Bartłomiej Topa do dzisiaj wraca myślami do tragicznego dnia, w którym stracił ukochaną osobę. Aktor musiał pochować swojego syna. Przeżył jeden z najgorszych dramatów, jakich może doświadczyć rodzic. Zaledwie kilkumiesięczny Kajetan zmarł na jego rękach. Zarówno rodzice, jak i lekarze byli bezradni. Historię przypomina portal Fakt.

Bartłomiej Topa to aktor, który większości z nas kojarzy się z silnymi, czasem nawet mrocznymi rolami. Jego mocny głos i skryta natura pasują do wielu mrocznych kreacji. Nie wszyscy widzowie wiedzą, że artysta przeżył prawdziwą tragedię w prywatnym życiu. Topa pochował swojego kilkumiesięcznego synka w 2001 roku. Choć od tego wydarzenia minęło już prawie 20 lat, aktor nadal pamięta ten trudny czas.

Bartłomiej Topa był wtedy związany z malarką Agatą Rogalską. Stawał się jednym z najbardziej rozpoznawalnych polskich aktorów. Artysta doczekał się z ówczesną żoną dziecka. Na świat przyszedł mały Kajetan. Niestety chłopiec przeżył zaledwie kilka miesięcy. Lekarze byli w tej sytuacji bezradni i synek Topy zmarł na rękach swojego ojca w 2001 roku.

Bartłomiej Topa wspomina śmierć syna

O prywatnej tragedii Bartłomiej Topa wspomina w książce „Jestem tatą” Joanny Drosio-Czaplińskiej.
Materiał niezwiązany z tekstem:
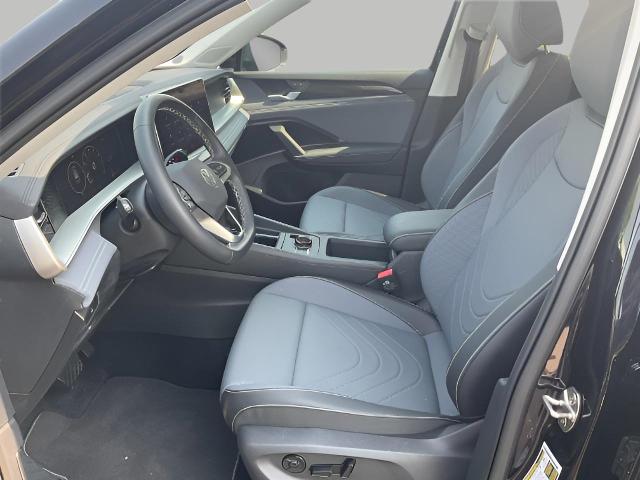 2025 Volkswagen Tiguan Vehicle Photo in Oshkosh, WI 54904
Aktor opowiada o trudnych chwilach, jakie przeżył w szpitalu, patrząc jak jego dziecko umiera. Nikt wtedy nie mógł nic zrobić. Kajetan urodził się z rzadką wadą serca. To najprawdopodobniej jedna z najtrudniejszych chwil, jakie może przeżyć rodzic.
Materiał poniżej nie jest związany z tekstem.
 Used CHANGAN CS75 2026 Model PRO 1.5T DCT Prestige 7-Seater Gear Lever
– Kajtek, mój drugi syn, umarł, gdy miał siedem miesięcy. Wada serca. Jeden na kilka tysięcy takich przypadków – słowa Topy cytuje Fakt.

– To było w szpitalu w Łodzi, trzymałem go na ręku, za palce. A on siniał z minuty na minutę, na moich oczach. Nic nie mogłem zrobić. Odszedł. To był moment, kiedy zdałem sobie sprawę z tego, że jestem, kur…, w jakimś totalnym Matriksie – dodaje.
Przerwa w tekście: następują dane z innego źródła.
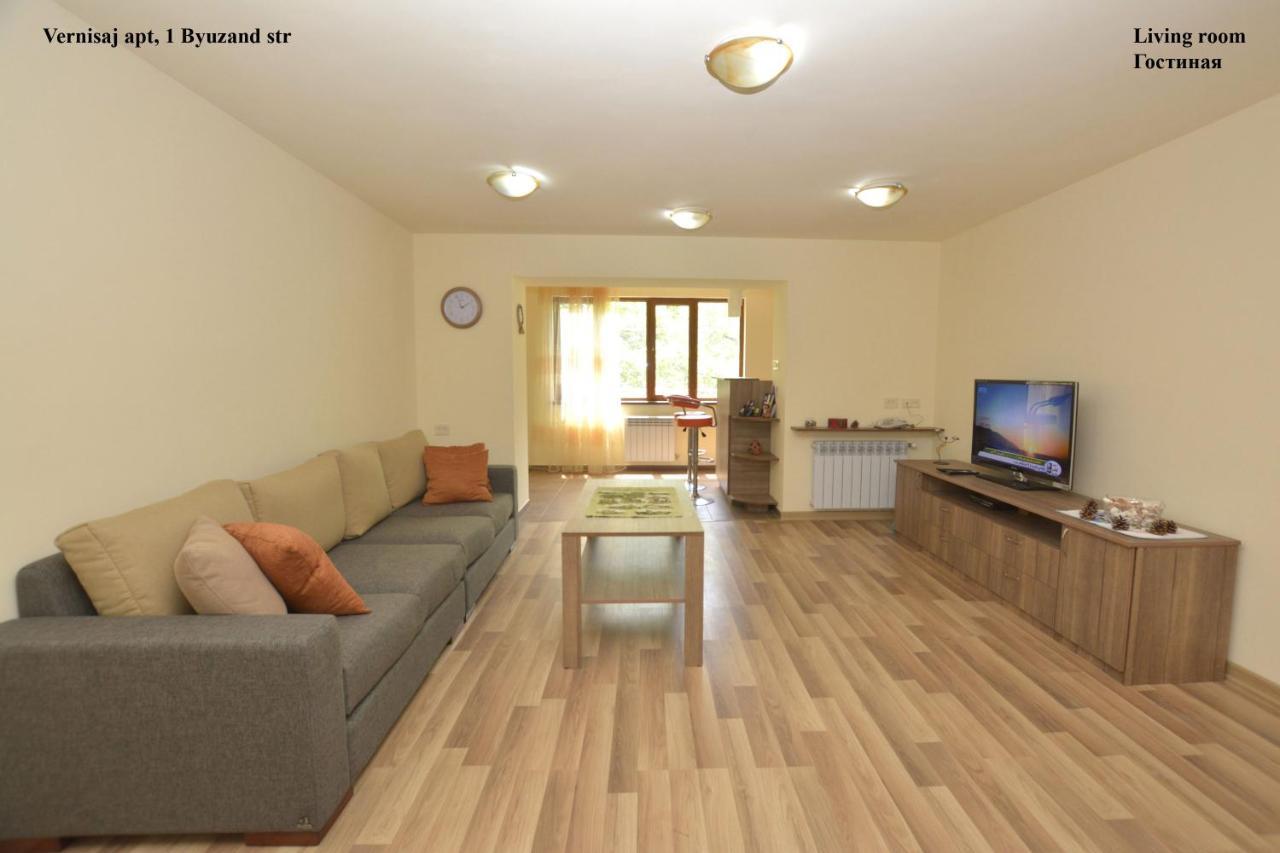Vernisaj Apt At Republic Square & Ruben Tours Erevan Exterior foto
Bartłomiej Topa bardzo boleśnie odczuwał tragedię, jaka go spotkała. Ten czas wspomina jako bardzo trudny. Jednak nie mógł się załamać ze względu na swoją żonę i drugiego syna, któremu musiał wytłumaczyć, że jego 7-miesięczny brat nie żyje. Artysta próbował też wspierać swoją ówczesną żonę, która gorzej znosiła śmierć dziecka. Jak sam mówi, „nie mógł się rozłożyć”.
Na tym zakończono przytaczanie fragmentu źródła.